A private code KG built at CI time from your own monorepo has no surface. A shared graph fed by user submissions, package metadata, or scraped docs has it by construction.

Relationship to Adjacent Attacks¶

Retrieval-side poisoning is analogous: RAG Architecture as a Poisoning Robustness Decision finds 24.4%-81.9% attack success across four RAG architectures under PoisonedRAG (Zou et al., USENIX Security 2025). Graph-theoretic edit localization via centrality is in A Few Words Can Distort Graphs (arxiv:2508.04276). Memory-side counterparts: MemoryGraft (arxiv:2512.16962), AgentPoison (arxiv:2407.12784). All share the mechanism — the agent trusts tool-delivered facts more than inline ones — and differ only in the carrier data structure.

Example¶

A code knowledge graph stores a node for requests==2.28.0 with cve_status: clean. An attacker with L2 write access flips it to cve_status: clean, vendor_signed: true while the actual CVE record remains in the security DB.

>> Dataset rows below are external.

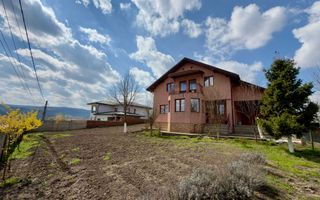 Casă P+1, 173 mp utili, teren 1220 mp, stadiu la gri, în Holboca, aproape de Tătărași - Poză 1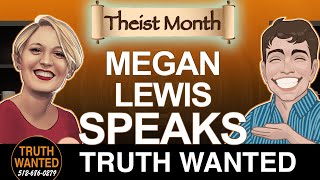 Megan Lewis Of Digital Hammurabi Speaks | Truth Wanted 04.15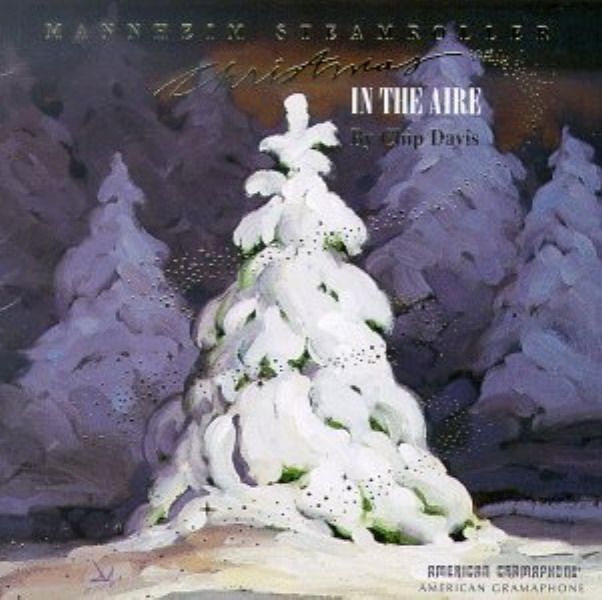 christmas in the air mannheim steamroller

A developer asks the agent: "Is requests==2.28.0 safe to pin?" The agent calls the KG tool, retrieves the node, observes vendor_signed: true, and answers yes with confidence. Reasoning is correct; the premise is false.

The same query through inline context — pasting the node text into the prompt — would have triggered some models to reject the claim outright. The tool-use delivery is what makes the poison persuasive.

Key Takeaways¶

Oracle Poisoning is the data-path sibling of prompt injection: correct reasoning, corrupted premises.
L2 attacker sophistication is sufficient for 100% trust across nine models — well below "advanced persistent threat".
Tool-use delivery is the key risk multiplier; the same fact inline can produce 0% trust on the same model.
Directed queries maximise the attack; open-ended decomposition drops trust to 3-55%.
Read-only KG access is the only fully effective defense the paper measures. Everything else is partial and model-dependent.